Radwańska: Zabrałam tylko trzy sukienki
W czwartek Agnieszka Radwańska pokonała Jelenę Ostapenko i awansowała do półfinału Nature Valley International. Po meczu Polka przyznała, że nie spodziewała się, że w Eastbourne pójdzie jej tak dobrze.
– Wzięłam ze sobą tylko trzy sukienki. Byłam pewna, że tyle wystarczy – zdradziła z uśmiechem krakowianka, która z powodu kontuzji pleców nie grała w turniejach od kwietnia. – Myślałam, że zagram jeden, góra dwa mecze tutaj, szczególnie, że nie byłam rozstawiona. Nie czuję jednak, żebym miała dwa, trzy miesiące przerwy od rywalizacji, czuję się dobrze. Ta przerwa naprawdę dobrze mi zrobiła, jestem bardziej zrelaksowana i zdrowsza na pewno. Złapałam też trochę „świeżości”, co jest bardzo ważne, bo wtedy motywacja jest większa.

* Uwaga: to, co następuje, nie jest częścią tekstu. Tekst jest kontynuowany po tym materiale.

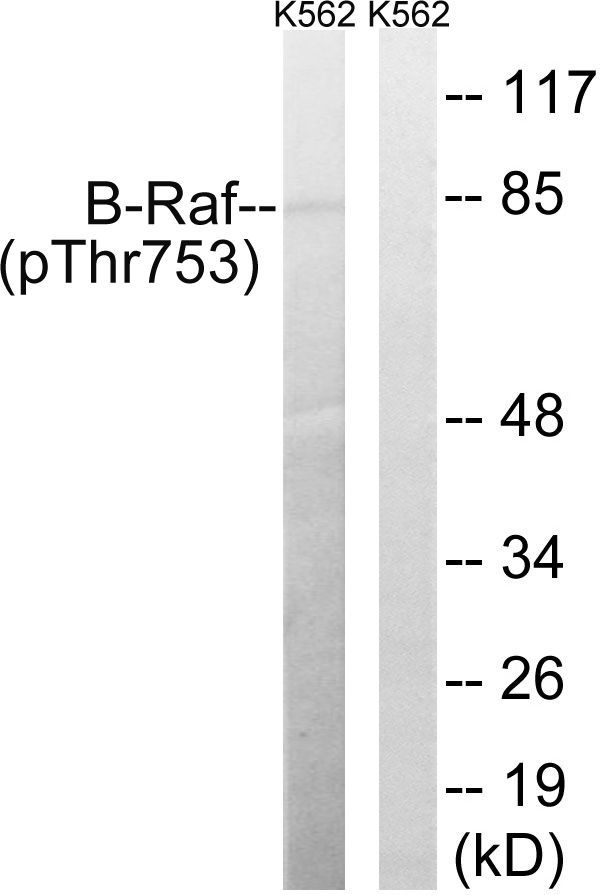 B-Raf (Phospho-Thr753) Rabbit Polyclonal Antibody, 100 ug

– Ona była dzisiaj bardzo agresywna, szczególnie w drugim secie. Czasami próbowała grać za mocno i atakowała na 100% nawet mój pierwszy serwis – starsza z sióstr Radwańskich zrelacjonowała przebieg czwartkowego spotkanie. – Jestem szczęśliwa, że byłam lepsza o te kilka punktów w drugim secie. Ja nie zmienię swojego stylu gry. Nawet gdybym chciała, nie ma szans, że zacznę uderzać równie mocno, jak niektóre dziewczyny. Mogę próbować być agresywniejsza na korcie, ale nigdy nie będę serwować czy uderzać piłek z forhandu, jak najsilniejsze „bombardierki” w tourze – podsumowała finalistka Wimbledonu z 2012 roku.